### TASK DETAILS:
Your transcription must include every record word for word and no pictures.

### STUDY MATERIAL:

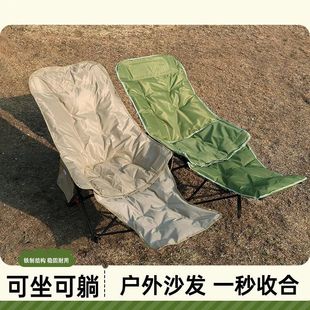 Outdoor Folding Chair Moon Chair Adjustable Lunch Break Lounge Chair Camping Chair Portable Beach Fishing with Leg Rest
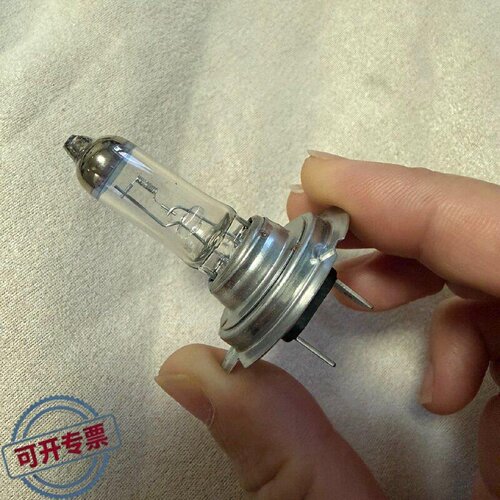 议 价适用大部分车型飞利浦H712V55W汽车卤素增亮灯泡工业自动可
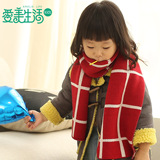 MOA韩国原单外贸冬季时尚男女童仿羊绒英伦风提花格子围巾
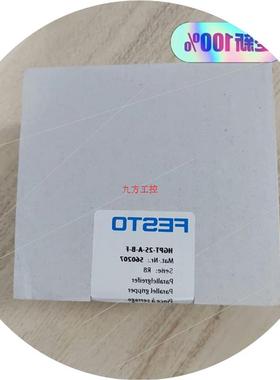 议价HGPT-25-A-B -F订货号560207全新原议价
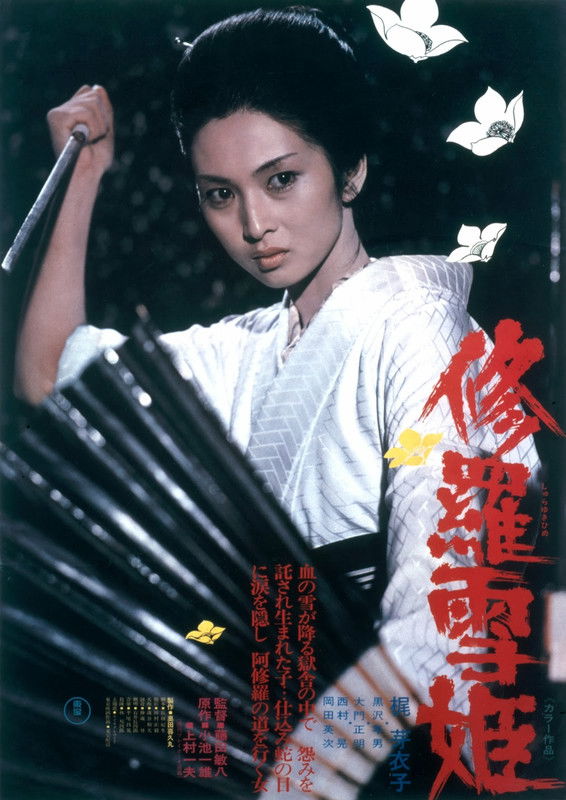 affiche du film Lady Snowblood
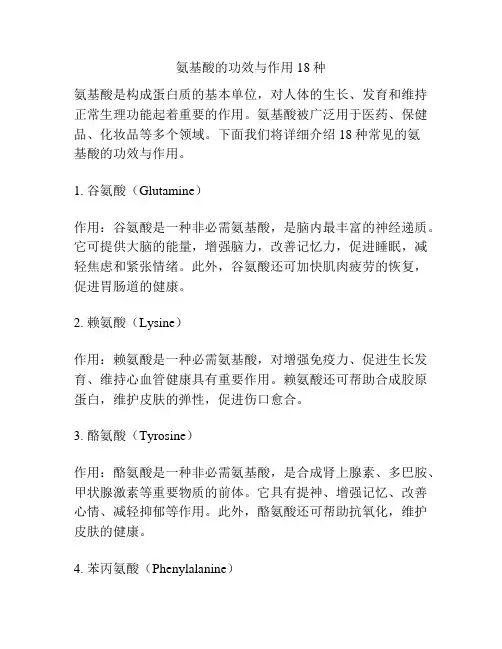氨基酸的功效与作用18种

### SOLVED EXERCISE:
 Outdoor Folding Chair Moon Chair Adjustable Lunch Break Lounge Chair Camping Chair Portable Beach Fishing with Leg Rest
 议 价适用大部分车型飞利浦H712V55W汽车卤素增亮灯泡工业自动可
 MOA韩国原单外贸冬季时尚男女童仿羊绒英伦风提花格子围巾
 议价HGPT-25-A-B -F订货号560207全新原议价
 affiche du film Lady Snowblood
氨基酸的功效与作用18种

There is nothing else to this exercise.